* Directions *
Look through the data below and output, unchanged, every line from the one holding "Miniatura 1 de" through the one holding "COCA-COLA Flansch 2-seitig", inclusive. Skip the pictures.

* Source material *

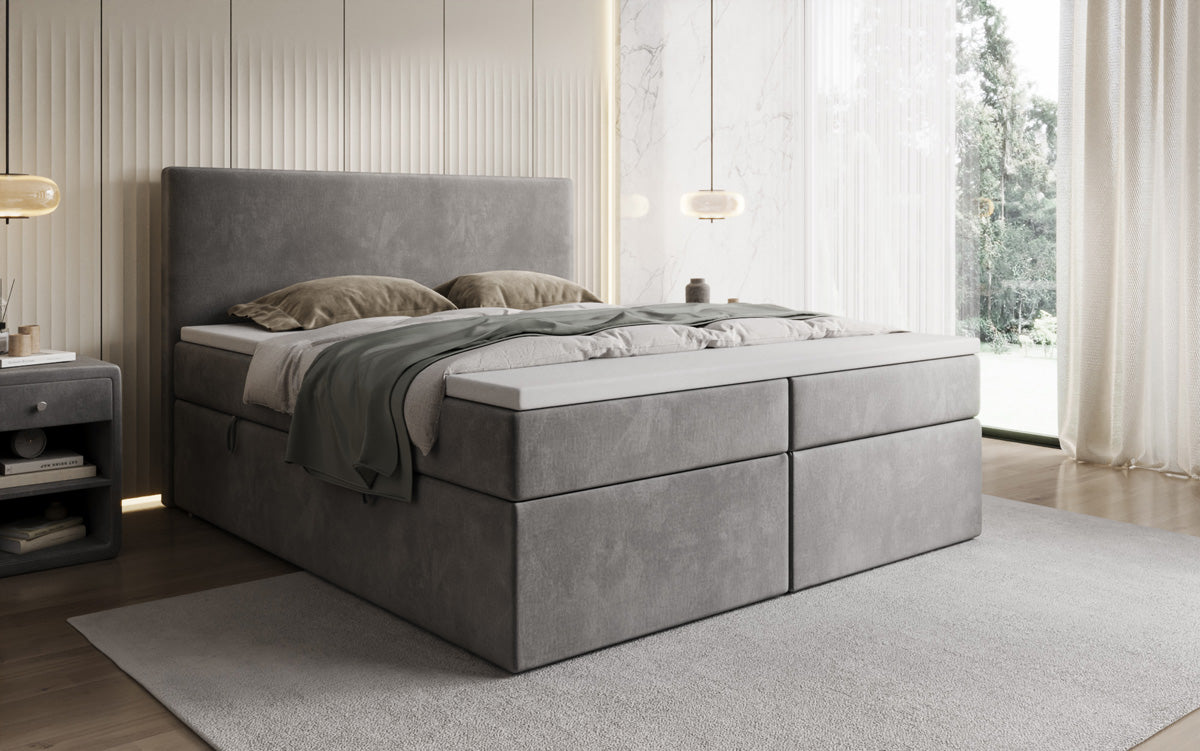 Boxspringbett Kubo mit Stauraum in Samt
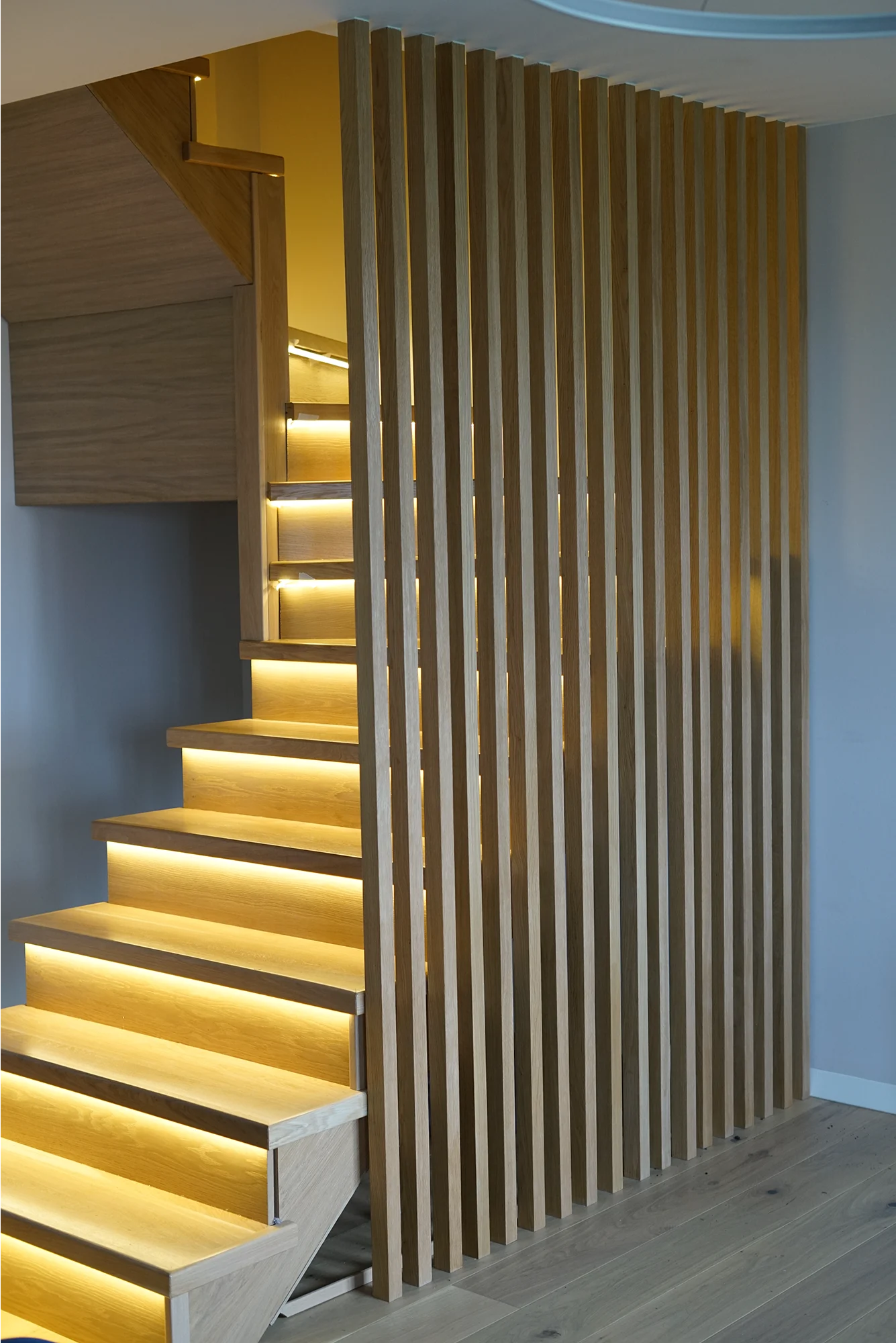Custom wood slat room divider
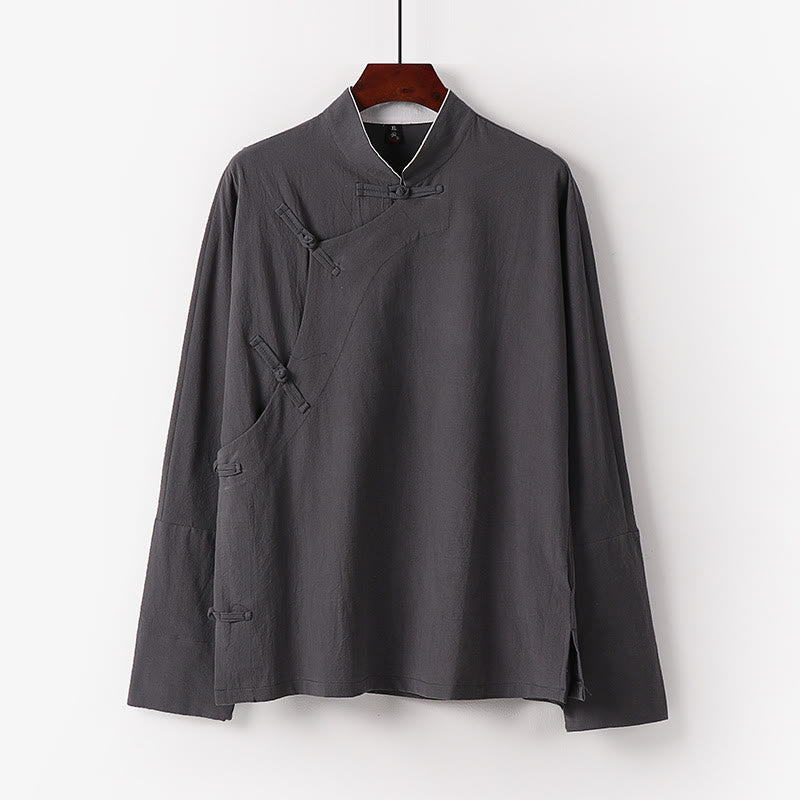 Camisa de algodón de manga larga para hombre, estilo vintage, con botones de rana y diseño chino con Buddha Stones - Gris claro - US/UK/AU50, EU60 (7XL) - image 3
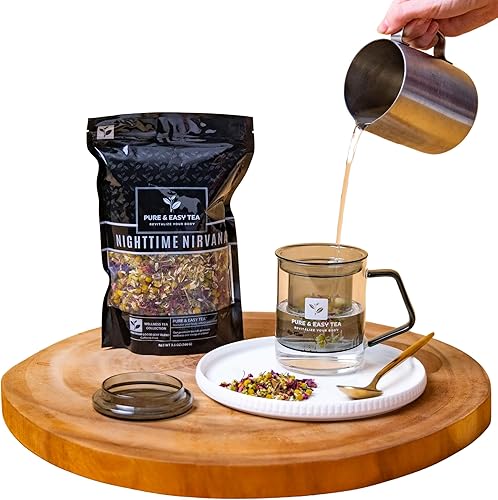 Miniatura 1 de Pure And Easy Tea, Taza de té de vidrio de borosilicato con infusor y tapa, taza de filtro de té, vidrio gris moderno, té de hojas sueltas favorito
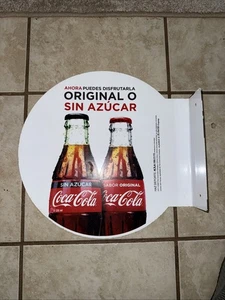 COCA-COLA Flansch 2-seitig Original oder ohne Zucker Mexiko Schild 2022 - Bild 1 von 3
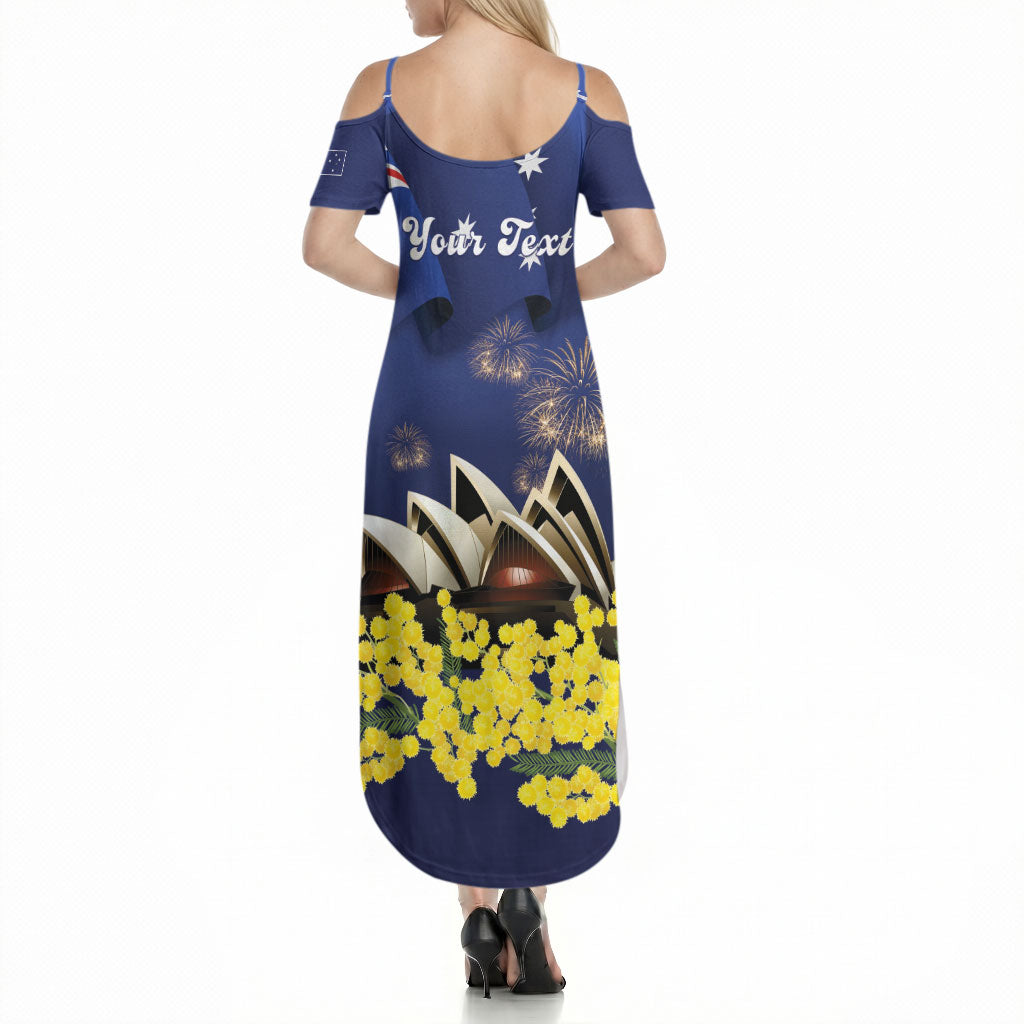 Personalised Australia National Flag Day Summer Maxi Dress Golden Wattle Sydney Opera House Flag Color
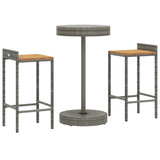 3 Piece Garden Bar Set Grey Poly Rattan&Solid Wood Acacia 3187715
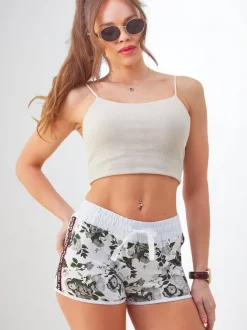 Royalfashion Bawełniane krótkie spodenki damskie w wiosenne kwiaty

* Response to the exercise *
 Miniatura 1 de Pure And Easy Tea, Taza de té de vidrio de borosilicato con infusor y tapa, taza de filtro de té, vidrio gris moderno, té de hojas sueltas favorito
 COCA-COLA Flansch 2-seitig Original oder ohne Zucker Mexiko Schild 2022 - Bild 1 von 3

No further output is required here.